▶ _Task description_: From the line with "Black oval dan" through the last line of the records below, both ends included, transcribe only those lines, exactly, and omit the pictures.

.....

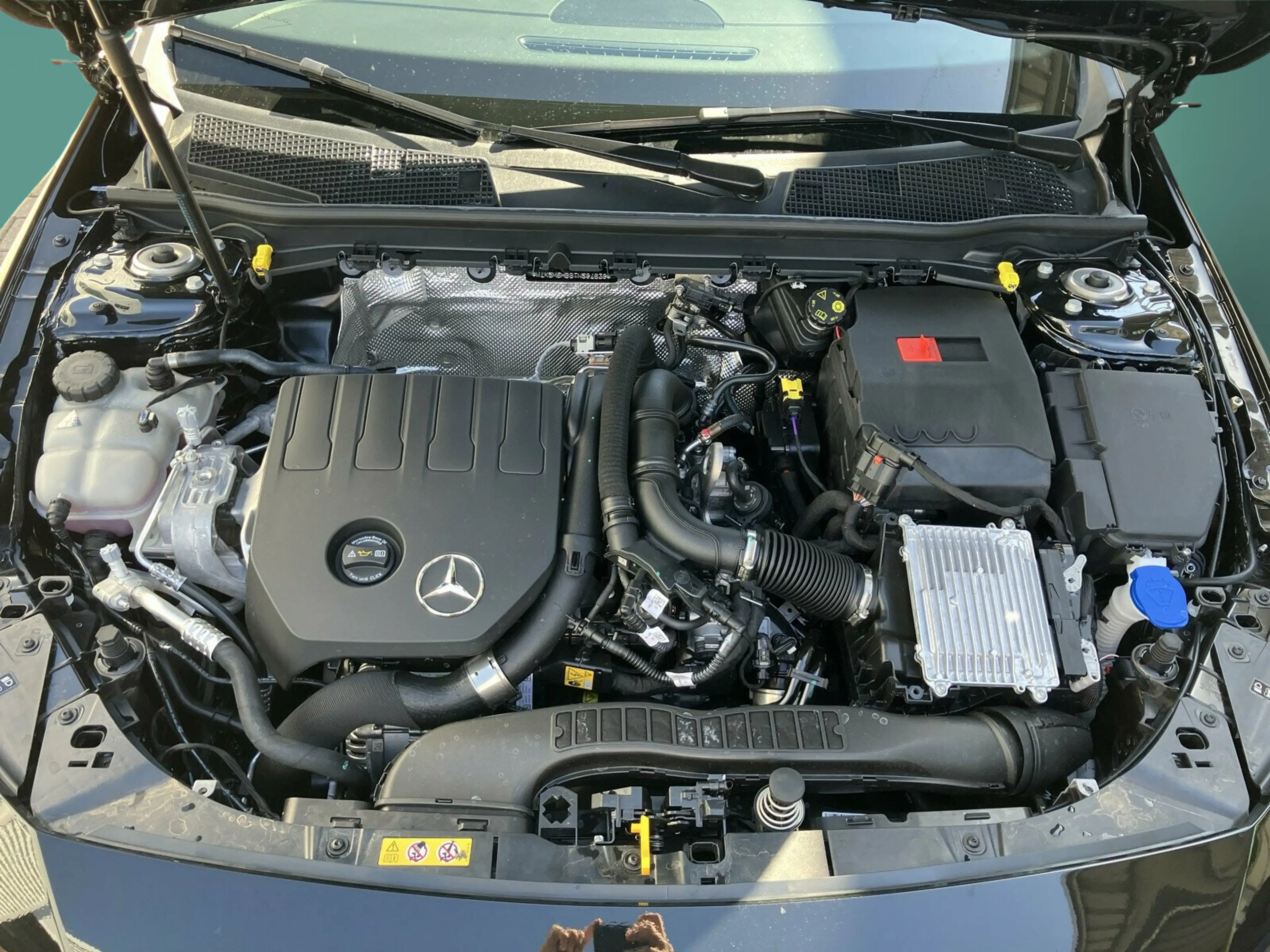 Mercedes-Benz CLA 200 CLA 200 SB AMG+PANO+DISTR+KAMERA+AHK+SOUND+NIGHT — photo 14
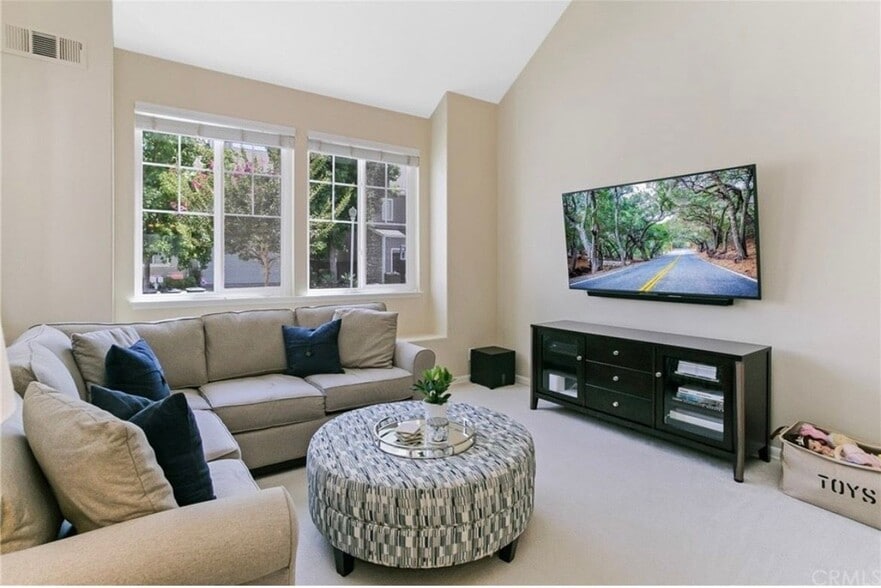 Building Photo - 15 Water Mill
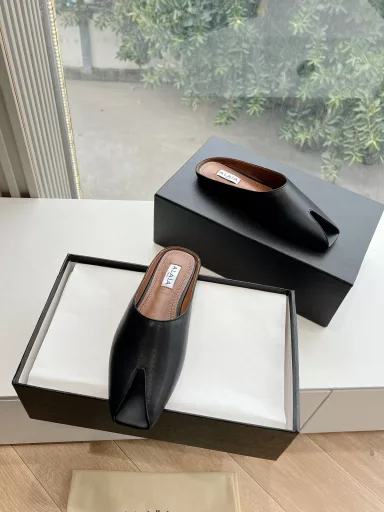 AlAIA 25ss Early Spring New Shoes This Season's New Visual Experience New Fish Mouth Metal Buckle Slippers Summer is here and it's time to wear sandalsThe fish mouth is super sexyIt's really beautiful and a must-have fashion item in the shoe cabinet.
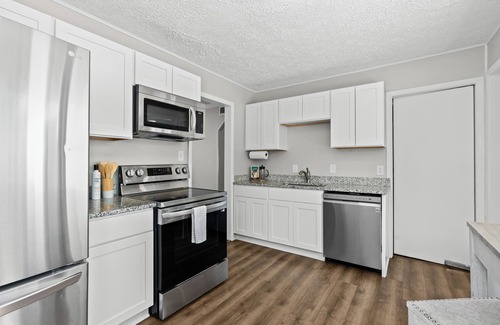 Royal Oak House | Lovely 3 BR Home w/Backyard - Sleeps 6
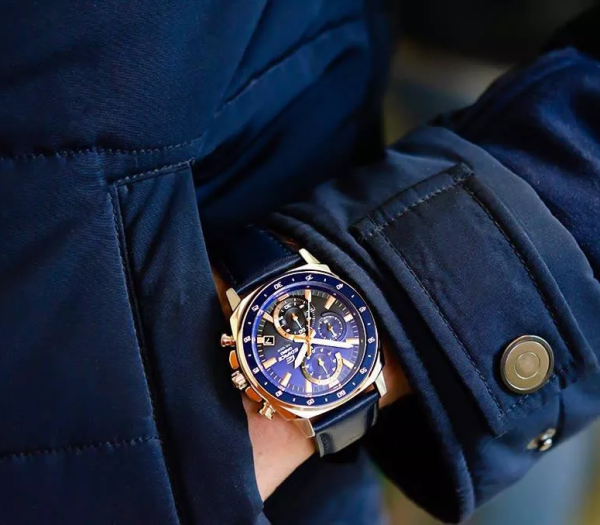 ساعت مچی مردانه کاسیو ادیفایس مدل EFV-600L-2A - واچ مارکت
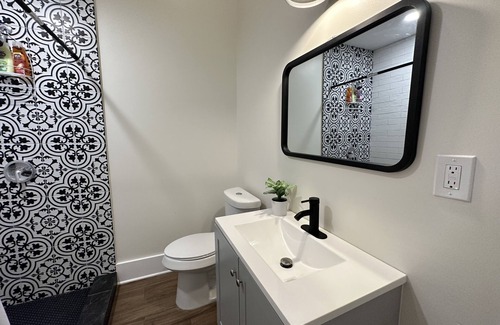 Mid-City House | 5BR Beautifully Restored New Orleans Home - 7 Minutes to French Quarter!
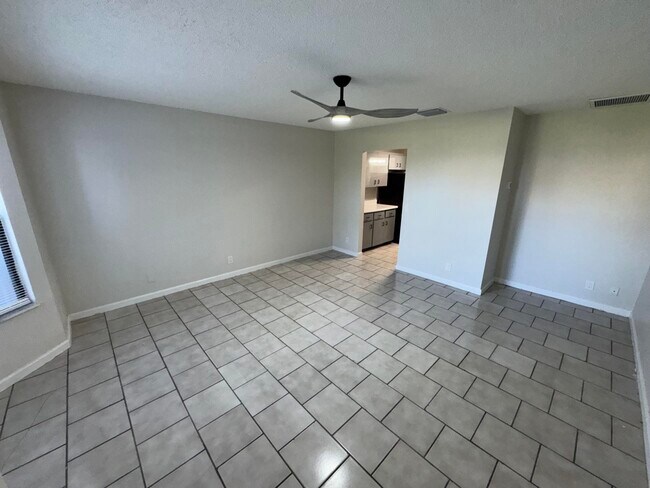 Building Photo - 4110 Maine St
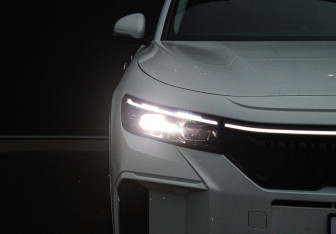 Подержанный автомобиль Voyah Free 2023 года (25 фото)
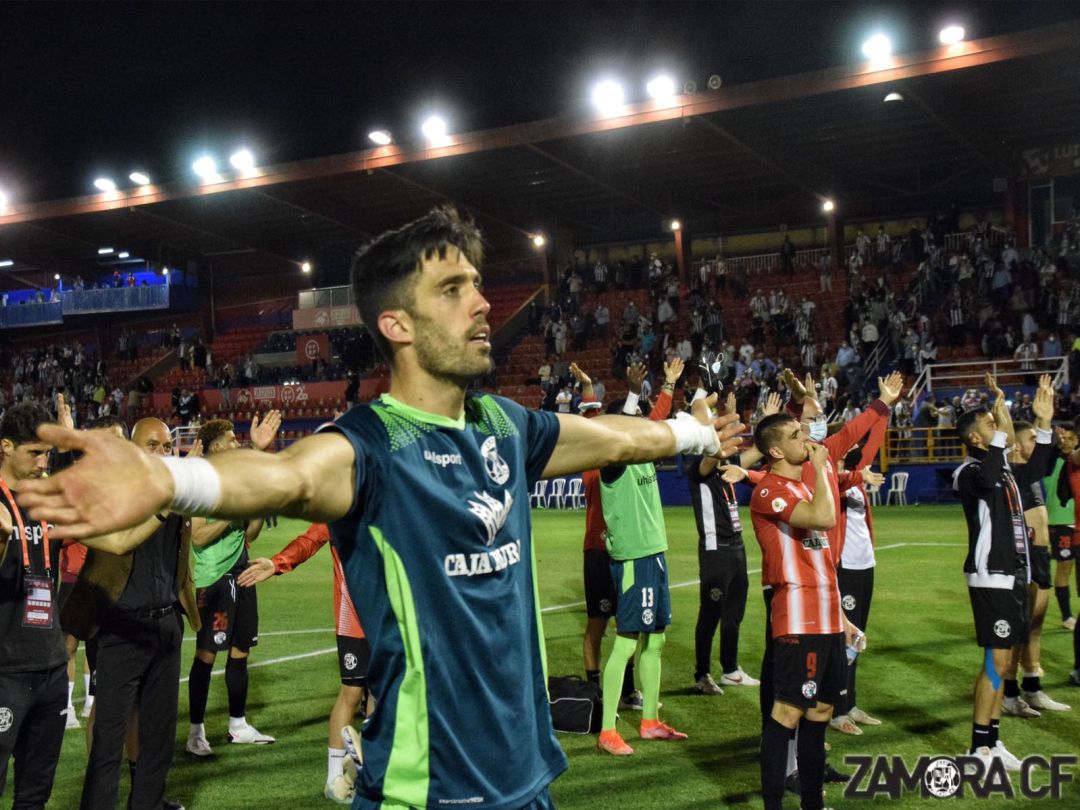 Jon Villanueva, en primer plano, saluda a la afición desplazada a Almendralejo Jon Villanueva, en primer plano, saluda a la afición desplazada a Almendralejo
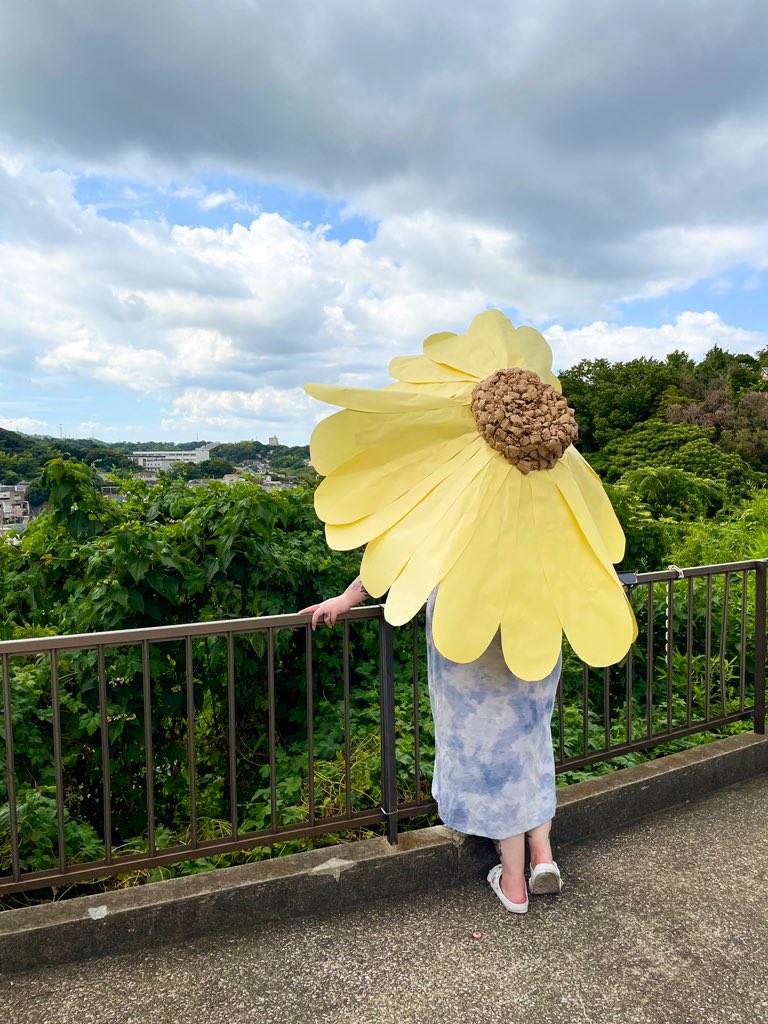 proseandpucks's tweet photo. Item 160: Climate change has necessitated a wardrobe change. Using recyclable materials, create an impressive sun hat. Bigger is better when it comes to sun protection, so make it massive. Huge.
#gish #item160 https://t.co/x4umyIfYxB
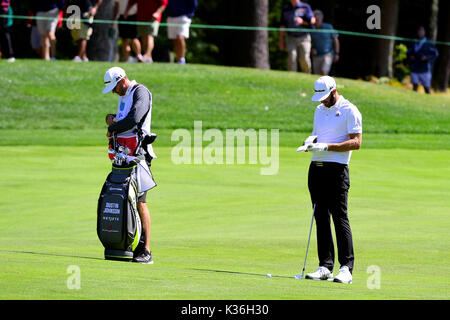 Norton, Massachusetts, du 1er septembre 2017. Dustin Johnson, des États-Unis, d'études son tir sur le septième trou lors du premier tour des technologies Dell PGA Championship tenue à l'Tournament Players Club dans Norton au Massachusetts. Eric Canha/CSM/Alamy Live News Banque D'Images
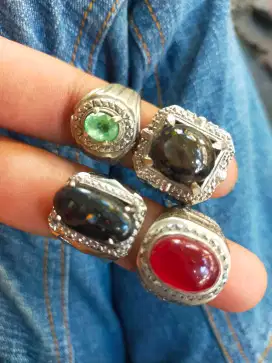 Black oval dan aki merah darah perak black sapir zamrud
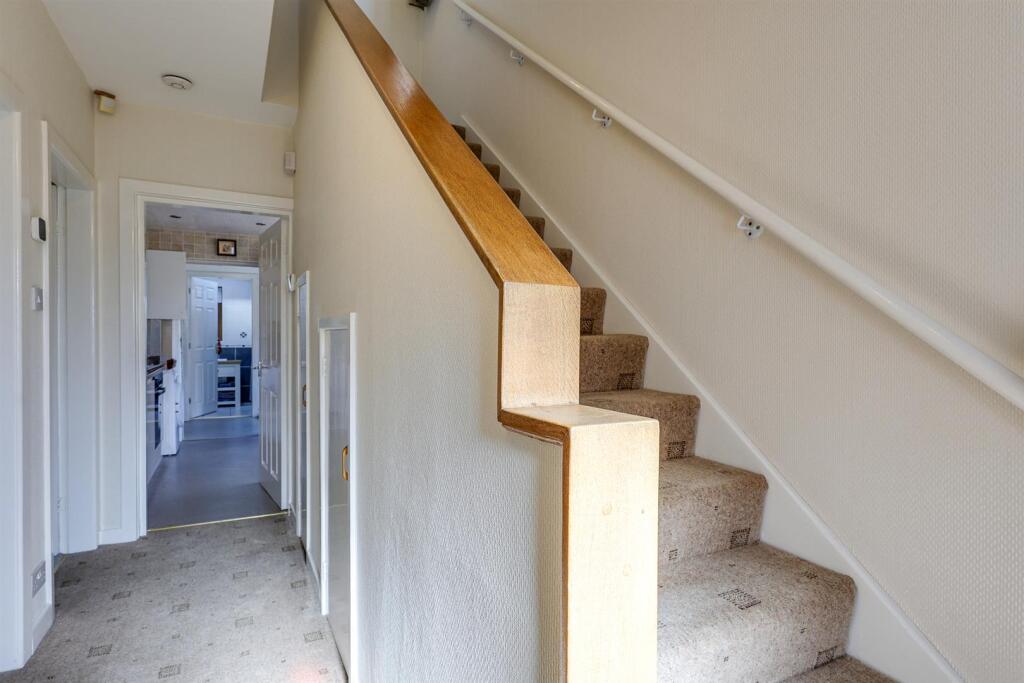 House in Kirklees, Northorpe, Roberttown - View 5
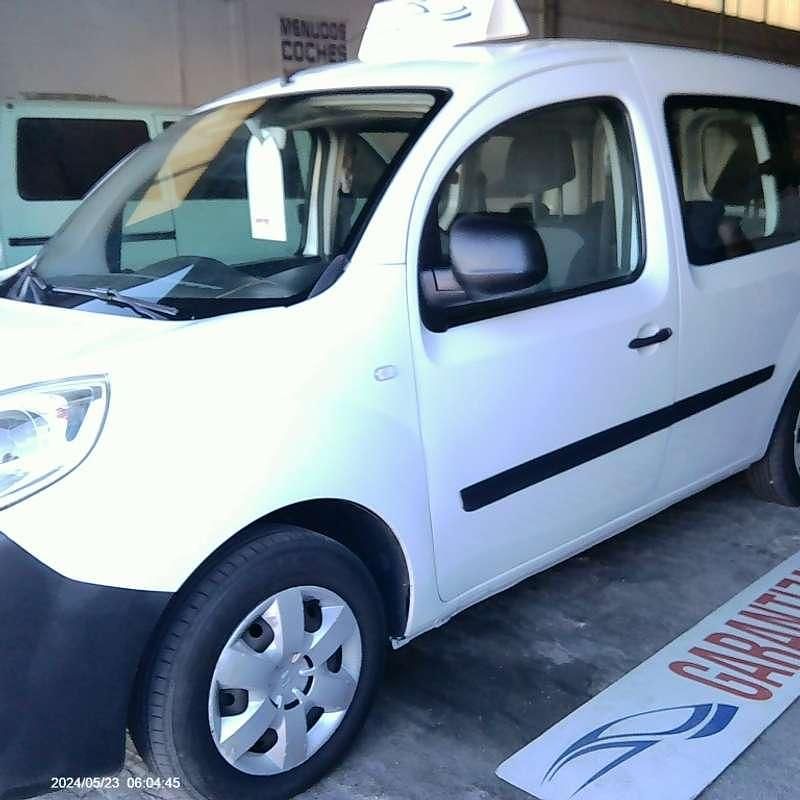 Usado Renault Kangoo LIMITED 95 CV (69 kW) 2020 Blanco Monovolumen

.....

▶ _Completed exercise_:
 Black oval dan aki merah darah perak black sapir zamrud
 House in Kirklees, Northorpe, Roberttown - View 5
 Usado Renault Kangoo LIMITED 95 CV (69 kW) 2020 Blanco Monovolumen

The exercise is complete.